— Problem details —
Leave the pictures out and restate every line below exactly.

— Raw data —
"""

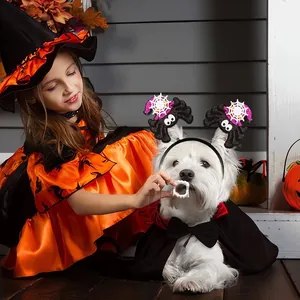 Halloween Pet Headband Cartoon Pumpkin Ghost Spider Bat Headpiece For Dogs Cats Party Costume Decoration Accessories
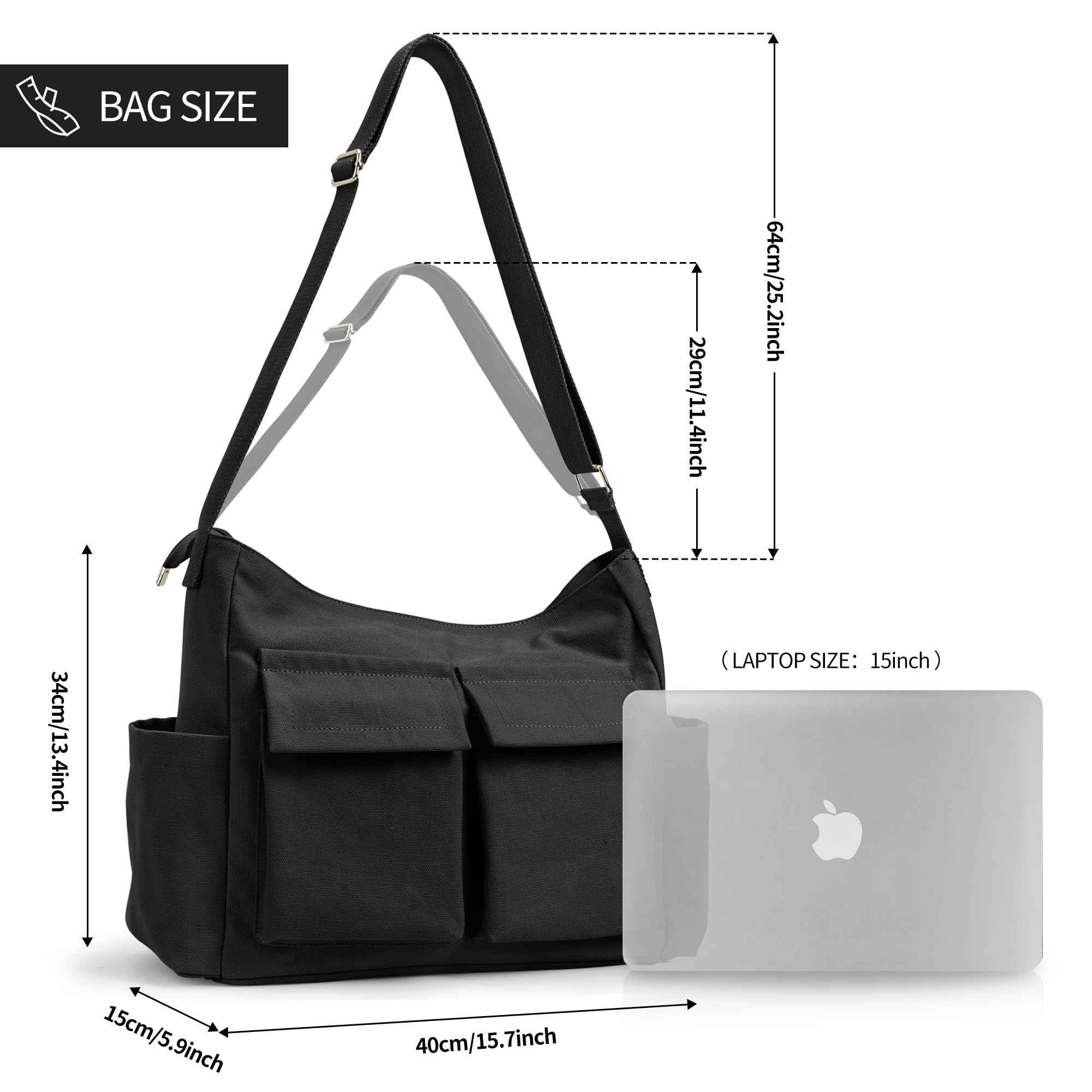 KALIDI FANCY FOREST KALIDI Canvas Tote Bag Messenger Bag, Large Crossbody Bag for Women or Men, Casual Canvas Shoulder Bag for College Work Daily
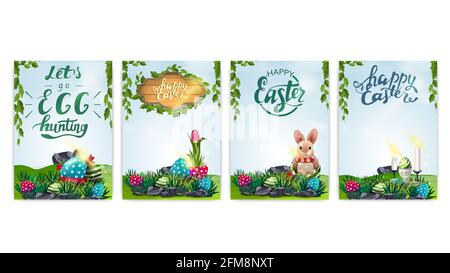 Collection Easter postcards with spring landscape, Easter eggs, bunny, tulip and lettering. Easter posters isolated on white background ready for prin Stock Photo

"""

— Response —
 Halloween Pet Headband Cartoon Pumpkin Ghost Spider Bat Headpiece For Dogs Cats Party Costume Decoration Accessories
 KALIDI FANCY FOREST KALIDI Canvas Tote Bag Messenger Bag, Large Crossbody Bag for Women or Men, Casual Canvas Shoulder Bag for College Work Daily
 Collection Easter postcards with spring landscape, Easter eggs, bunny, tulip and lettering. Easter posters isolated on white background ready for prin Stock Photo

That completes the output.